Frolic and play the intramarital way

Just to flip the script a little bit, here's a song that's maybe not quite as messed up as it may sound on first listen. "Winter Wonderland" was written by composer Felix Bernard and lyricist Richard B. Smith while Smith was being treated for tuberculosis in a Pennsylvania sanitarium, having been inspired by seeing snow covering the ground in the park in his hometown of Honesdale, Pennsylvania. First recorded in 1934, the song has subsequently been recorded over 200 times, many of which rearrange the original lyrics, adding verses, deleting others, moving things around.

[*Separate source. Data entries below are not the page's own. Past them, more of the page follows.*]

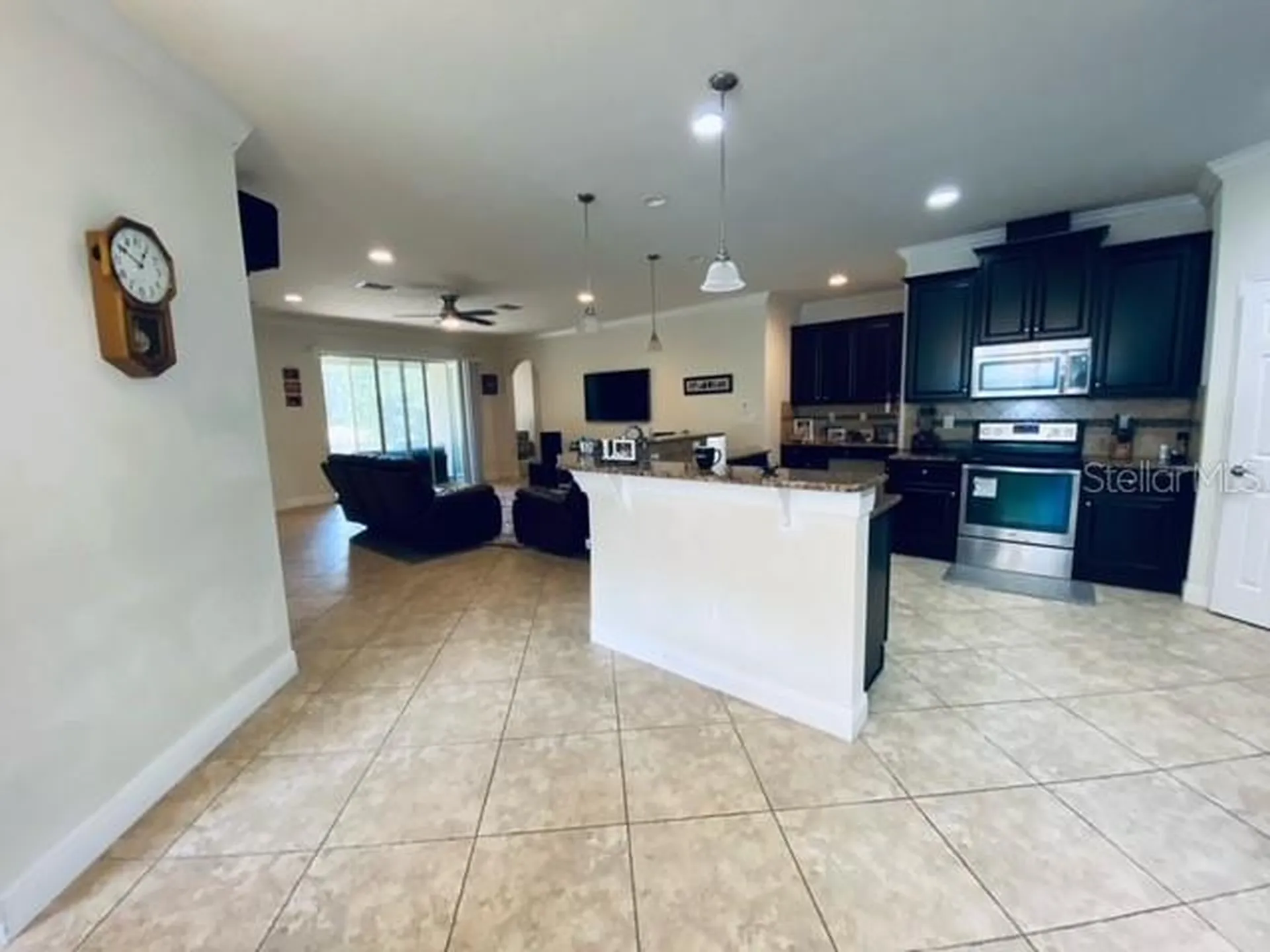 3124 Majestic View Drive Lutz FL 33558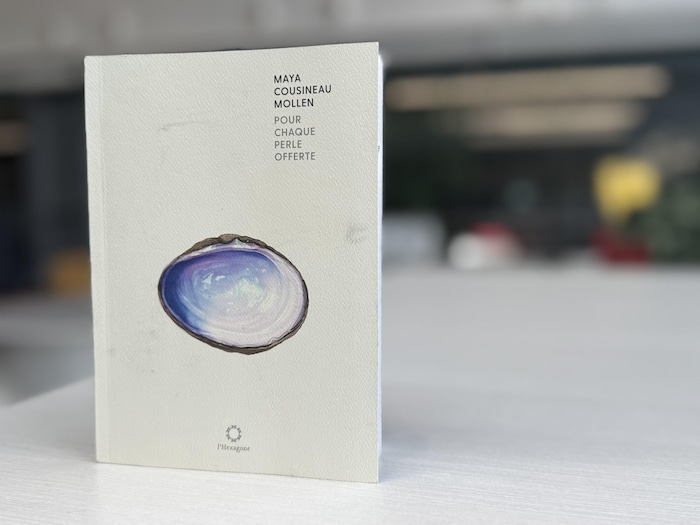 Un livre posé sur une table.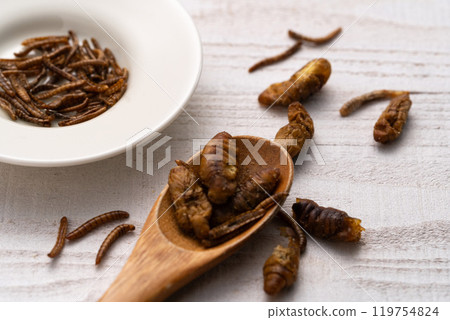 昆蟲食品 蠶 黃粉蟲 昆蟲食品 蠶 黃粉蟲 119754824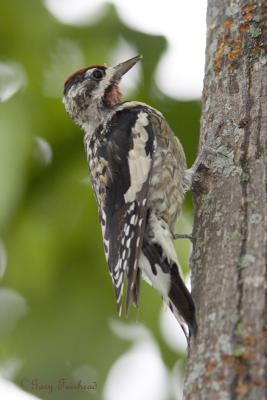 v3/81/596981/3/49439908.YellowBelliedSapsucker.jpg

One thing basically every version has in common is the verse in which the narrators build a snowman and pretend it is Parson Brown. The imaginary preacher asks if they are married, and they say, "No, man, but you can do the job when you're in town!" It turns out it is a surprisingly common interpretation of this song that the narrator wants to bone down with a snowman. You know, like "do the job"? Wink wink, lascivious eyebrow waggle. But, like, nah, man. The narrator is part of a couple ("we can build a snowman") and the preacher is asking if the two of them are married and they tell him not yet, but he can perform the ceremony ("do the job") while he's in town. These are the plans they have made (to get married by a snow person) that they will subsequently face unafraid, conspiring by the fire.